Selon le témoignage de mon père "quand nous nous sommes réveillés le matin, les canons des navires anglais étaient tournés vers nous". (Il avait ajouté que les navires étaient très proches les uns des autres. Au ras de vue, au ras des tourelles. D'où un sentiment horrible de trahison (mais ceci est une autre histoire).

A partir de là, on peut tenter d'imaginer le scénario qui a eu lieu pendant la nuit. Exemple:
- Pression anglaise : A quel moment de la négociation, les canons anglais ont-il été tournés vers les Français ?
- Soutien des arrières : Qui à bord de la Lorraine s'en est rendu compte? Pouvait-il communiquer avec l'Amiral Godfroy?
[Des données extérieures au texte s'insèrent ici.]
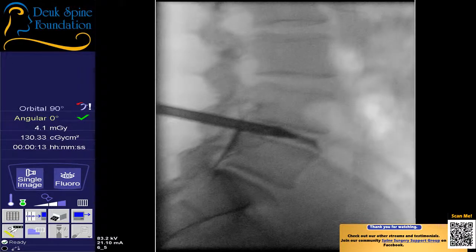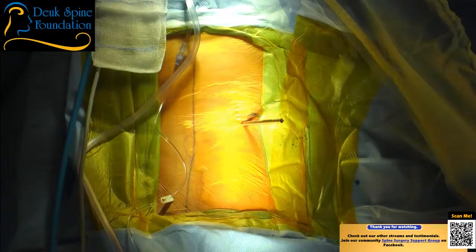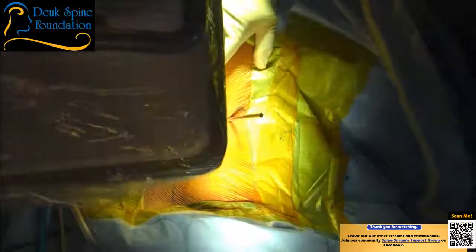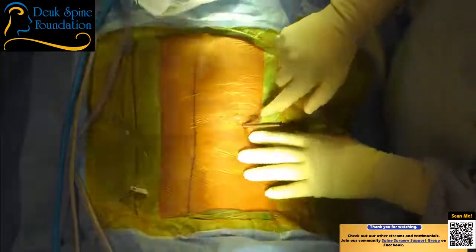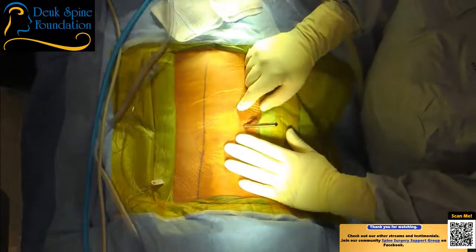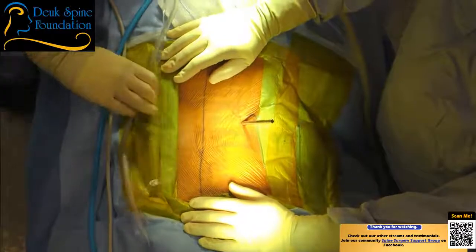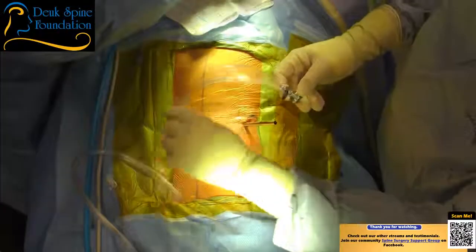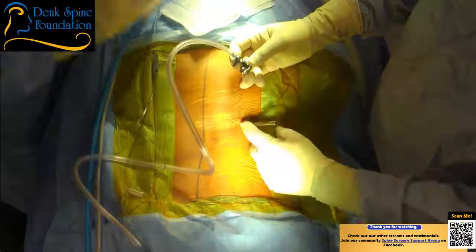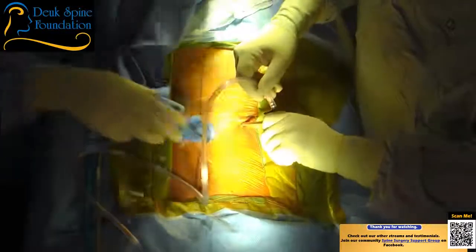We're actually going through a tear that's already there. We're in. The entire surgery is being done through this little tube — I call it the McDonald's shake straw. The Duke Laser Disc Repair is endoscopic surgery done with a single incision and a single tube. The tube is seven millimeters outer diameter — half the width of a dime.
De même, l'Amiral Godfroy pouvait-il entrer, facilement, en contact avec ses officiers ?
- Terrain : sur quel terrain, la négociation a-t-elle eu lieu (un navire anglais)?
- Pression française : techniquement, la riposte était-elle possible?
- Informations : le Français connaissait-il le motif de la rencontre ?
- Soutien : le Français était-il seul ?
etc.

Le tout rendu, encore, plus subtil par le fait que l'amiral anglais, Andrew Cunnigham, était son beau-frère.
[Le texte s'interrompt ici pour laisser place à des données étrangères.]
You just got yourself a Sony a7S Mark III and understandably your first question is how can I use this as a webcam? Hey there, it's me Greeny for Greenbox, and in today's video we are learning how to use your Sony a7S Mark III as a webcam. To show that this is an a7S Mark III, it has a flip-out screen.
Cette affaire parait bien lointaine mais, en fait, actuellement, elle garde tout son intérêt.
Effectivement, les négociations sont jugées si importantes que des cours sont (enfin) donnés au plus haut niveau. Je pense, notamment, à des séminaires où interviennent des anciens conseillers de président.
J'ai, moi-même, participé à des négociations internationales bien réelles où l'erreur pouvait avoir des conséquences directes. D'où mon intérêt pour la question. Les différents points que j'ai cités (instruments de pression, soutien arrière, terrain etc.) ne sont que quelques points à vérifier avant toute négociation.

Je suppose que dans la Marine, il y a, déjà, depuis longtemps, ce genre de cours. Mais existaient-ils en 40 ? study

Merci encore de vos infos.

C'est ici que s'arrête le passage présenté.